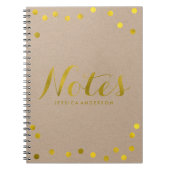 Faux Gold Foil Confetti, speciaal gepersonaliseerd Notitieboek (Voorkant)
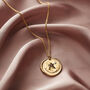Floral Initial Wax Seal Birthstone Necklace, thumbnail 1 of 6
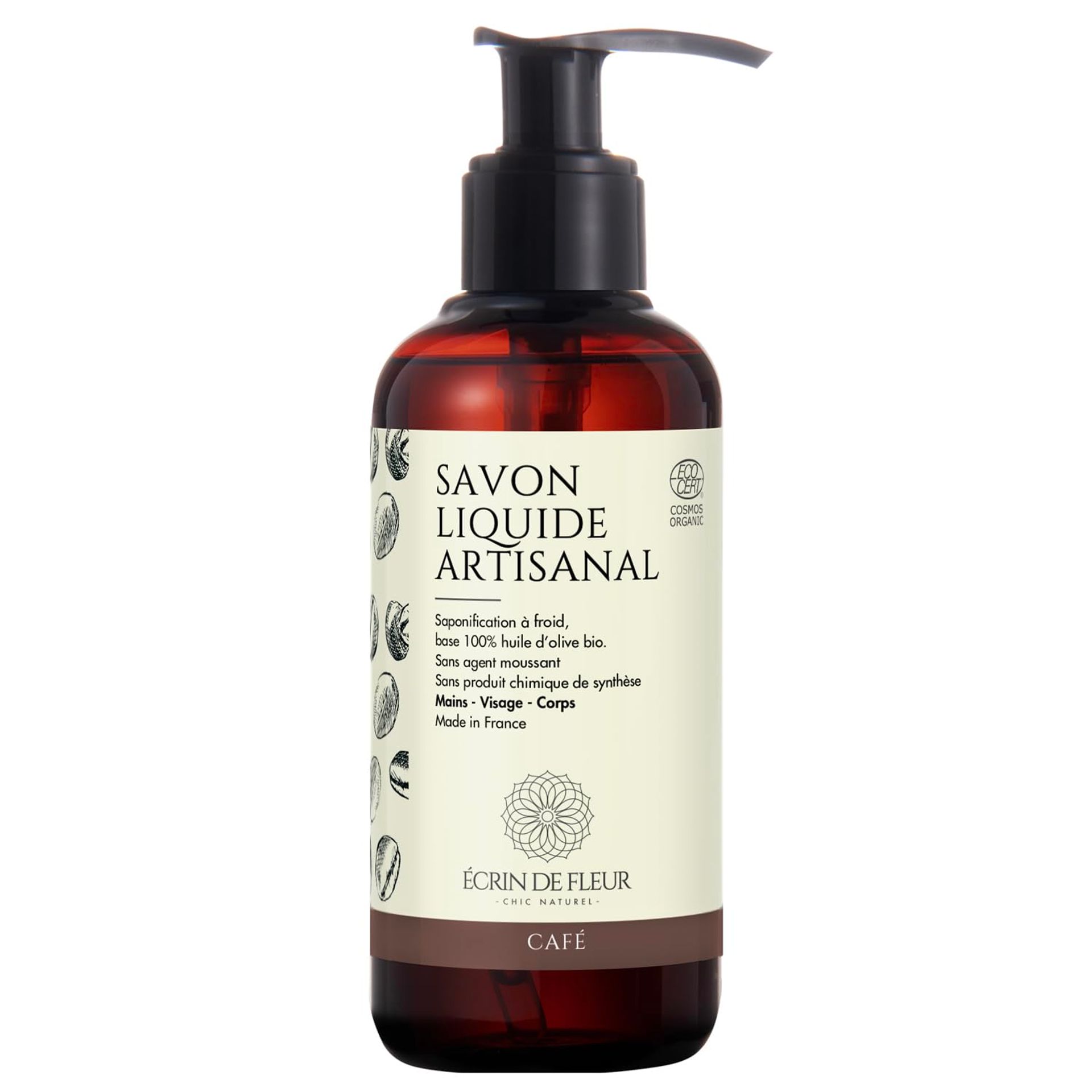 Écrin De Fleur Coffee Infused Organic Liquid Soap 250ml for Face, Body & Hair - Gentle on Sensitive Skin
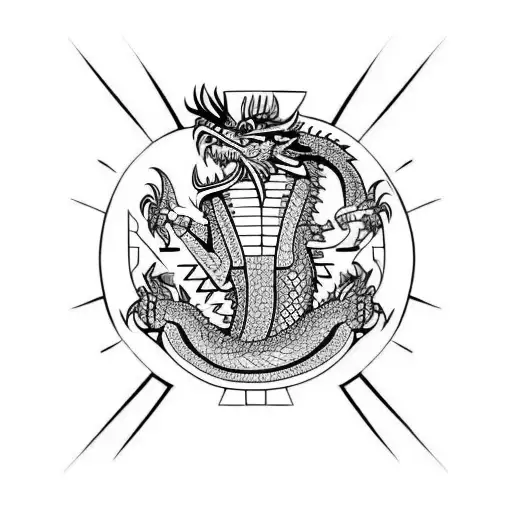 Aztec dragon on Aztec pyramid tattoo design idea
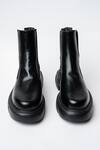 Shop_Kavith_Black Rounded Toe Chunky Sole Boots _at_Aza_Fashions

++++

Please write the material out again exactly as shown above, minus any pictures.

▶ YOUR SOLUTION:
 Faux Gold Foil Confetti, speciaal gepersonaliseerd Notitieboek (Voorkant)
Floral Initial Wax Seal Birthstone Necklace, thumbnail 1 of 6
 Écrin De Fleur Coffee Infused Organic Liquid Soap 250ml for Face, Body & Hair - Gentle on Sensitive Skin
 Aztec dragon on Aztec pyramid tattoo design idea
 Shop_Kavith_Black Rounded Toe Chunky Sole Boots _at_Aza_Fashions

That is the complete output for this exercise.